You need [`pandoc`](https://pandoc.org/) version 2.1.3 or above (but version 2.2.1 or above is recommended).
If you use the [`RStudio` preview release](https://www.rstudio.com/products/rstudio/download/preview/), you do not need to upgrade `pandoc`. Otherwise, [see the installation instruction for `pandoc`](https://pandoc.org/installing.html).

#### HTML to PDF converter

You need to install a `HTML` to `PDF` converter that supports _CSS for Paged Media_.

For now, `weasydoc` supports `WeasyPrint` and `Prince`:

- [`WeasyPrint`](https://weasyprint.org/) is an open source software. [See the installation instruction for `WeasyPrint`](https://weasyprint.readthedocs.io/en/latest/install.html) (be careful, WeasyPrint installation is cumbersome on Windows).
- [`Prince`](https://www.princexml.com/) is a commercial software.

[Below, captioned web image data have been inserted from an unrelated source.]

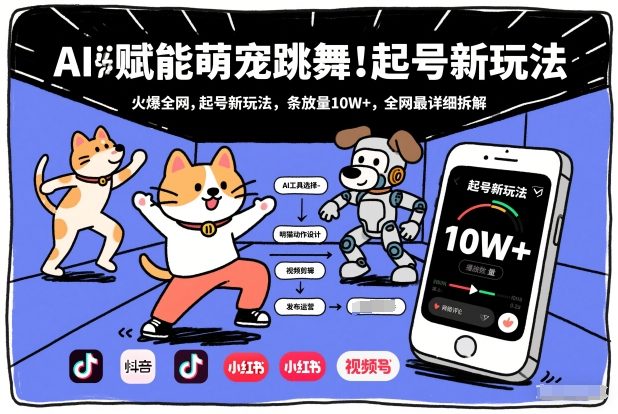 AI赋能萌宠跳舞，火爆全网，起号新玩法，条条播放量10W+，全网最详细拆解-鸿图网创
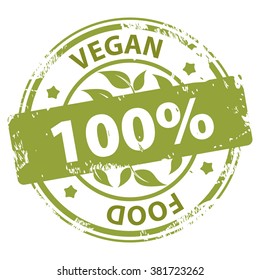 Vegan or Vegetarian healthy Food 100 percent green rubber stamp rubber stamp icon isolated on white background. Vector illustration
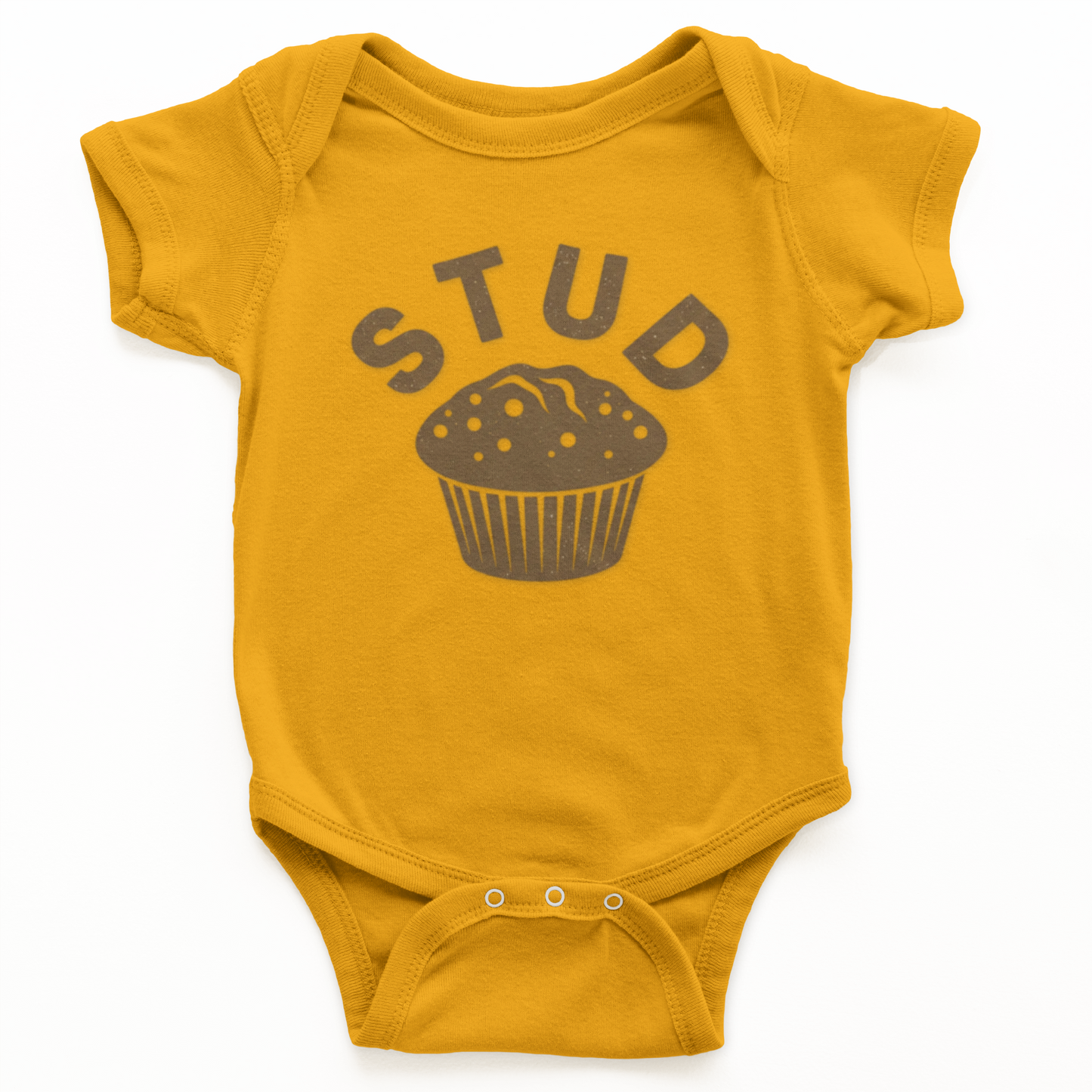 Yellow baby onesie with 'STUD' and a muffin graphic on a white background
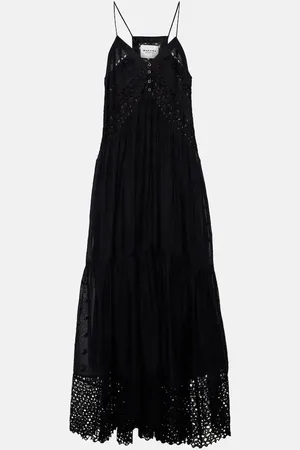 Marant Etoile Abito lungo Sabba in cotone con ricamo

However, you can use Prince for non-commercial purposes: a notice is included in the PDF and you have to mention the www.princexml.com web address when distributing the PDF files ([see the end user licence agreement](https://www.princexml.com/license/)). [See the installation instruction for `Prince`](https://www.princexml.com/doc-install/).

**Ensure that the location of `WeasyPrint` and/or `Prince` is in the `PATH` environment variable.**

## Docker image

[![](https://images.microbadger.com/badges/version/rlesur/weasydoc.svg)](https://microbadger.com/images/rlesur/weasydoc "Get your own version badge on microbadger.com") [![](https://images.microbadger.com/badges/image/rlesur/weasydoc.svg)](https://microbadger.com/images/rlesur/weasydoc "Get your own image badge on microbadger.com")

**Do not use this image in production.**

If you are not familiar with the [docker](https://www.docker.com/) images of the [Rocker project](https://www.rocker-project.org/), please read this great tutorial of [rOpenSci](https://ropensci.org/) Labs: https://ropenscilabs.github.io/r-docker-tutorial/

Since the use of `weasydoc` involves tier-softwares installation (`pandoc`, `WeasyPrint`/`Prince`), a docker image built on top of [`rocker/verse:3.5.0`](https://hub.docker.com/r/rocker/verse/) is provided: [`rlesur/weasydoc`](https://hub.docker.com/r/rlesur/weasydoc/).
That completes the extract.